Chapter 186
Double chapters for this week! Enjoy guys! (03/24/2025 - 03/28/2025)
“Yes!”
Everyone answered Kang-hyuk at the same time.
To Jun-hyuk, it looked like a perfectly trained choir responding on cue.
‘As expected of professionals…….’
As a consumer—meaning, as a patient—when you visit a university hospital, you’re bound to notice shortcomings.
Most university hospitals had practically given up on certain aspects because of manpower shortages caused by the billing system.
Convenience.
‘Someone like me……. Is it really okay for me to be here…….’
But on the other hand, there was something university hospitals absolutely refused to neglect.
Minimizing mistakes to the point of eliminating them entirely.
Given that they mostly treated critical patients, mistakes often led directly to serious accidents.
‘Can……. I really do this?’
That was why any medical professional given an important responsibility for the first time—or even assisting with one—felt crushing pressure.
And Jun-hyuk was the type to feel that pressure twice as strongly as anyone else.
“Hey, what are you doing! Follow us!”
“Ah, y-yes.”
As his senior both in school and in the department, Jae-won tried to guide him forward.
Thanks to that, Jun-hyuk, who had been spacing out, managed to catch up to the foot of the bed before it was too late.
Kang-hyuk grabbed the bed rail and pulled as he asked the paramedic,
“You said earlier he hit his head, right? Where?”
They would perform a rough assessment once inside the operating room anyway.
But he knew simple questioning like this could drastically reduce the time needed for examination and even improve accuracy.
“Left temporal area.”
“Temporal area…… What was the direction of the fall?”
“Even the witnesses don’t remember clearly…….”
This was why on-site accidents were so difficult.
They happened while everyone was busy working.
Proper first aid was often impossible, and piecing together what happened wasn’t easy either.
“But judging from the splash location, we think it went like this.”
The paramedic pointed at the patient’s shredded left forearm.
“I forgot to mention earlier, but this part is broken.”
“Nice of you to mention it now.
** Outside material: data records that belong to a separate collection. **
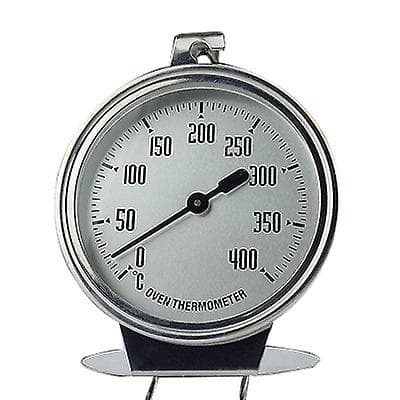 0 - 400 Graders Termometer i Rostfritt Stål för Bakugn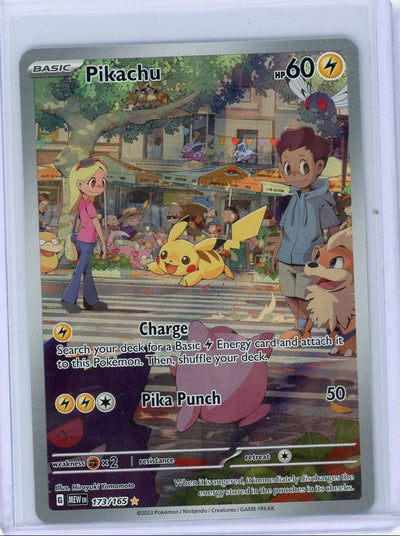 Pikachu Pokémon 151 Illustration Rare #123/165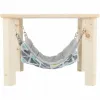 Hanging Hammock Trixie Grey Peach 37 × 29 × 37 cm Wood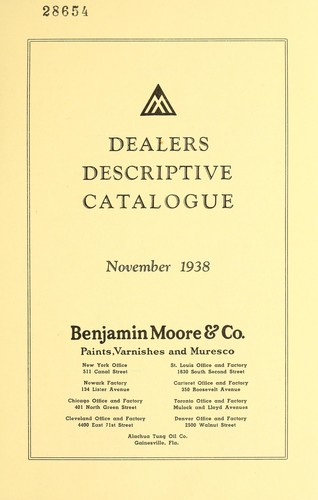 Cover for Dealers descriptive catalog: paints, varnishes, muresco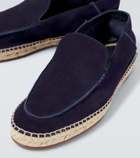 Loro Piana Seaside Walk suede espadrilles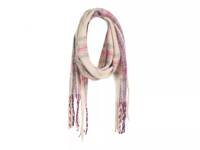 Boucle Pocket Scarf Ivory/Pink/Multicolor Plaid view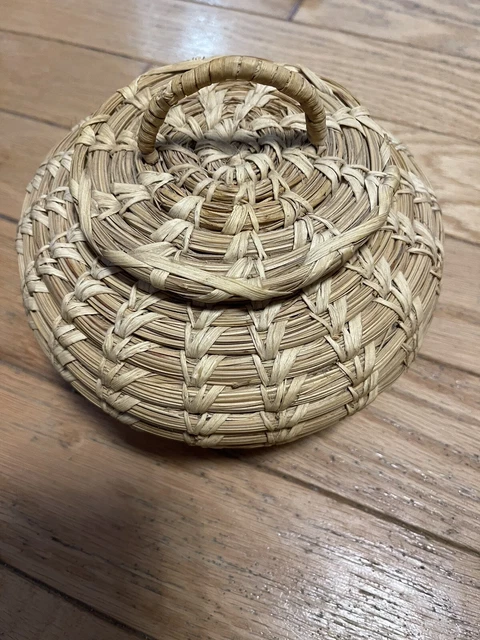 tohono o'odham basket Lidded Papago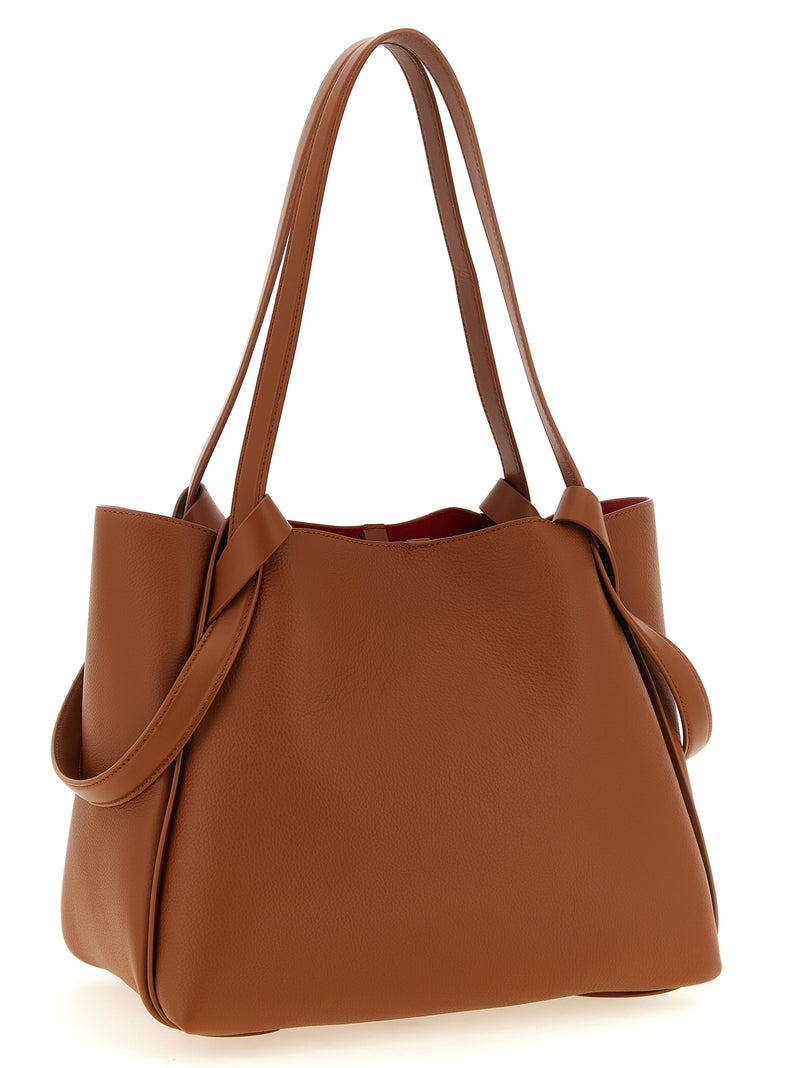 Christian Louboutin Bettina Brown Calfskin Tote Bag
So he probably braced himself like this?”
“Most likely. And the left temporal area hit something, which seems to have caused cervical spine damage.”
“It folded…… So something was on the ground near his chest?”
“Yes. There was a protrusion. We believe he hit it.”
It was a level of misfortune that bordered on absurd.
Falling was already bad enough.
But for there to be a protrusion exactly where he landed—what terrible luck.
“You said he was unconscious when found…… How was his breathing?”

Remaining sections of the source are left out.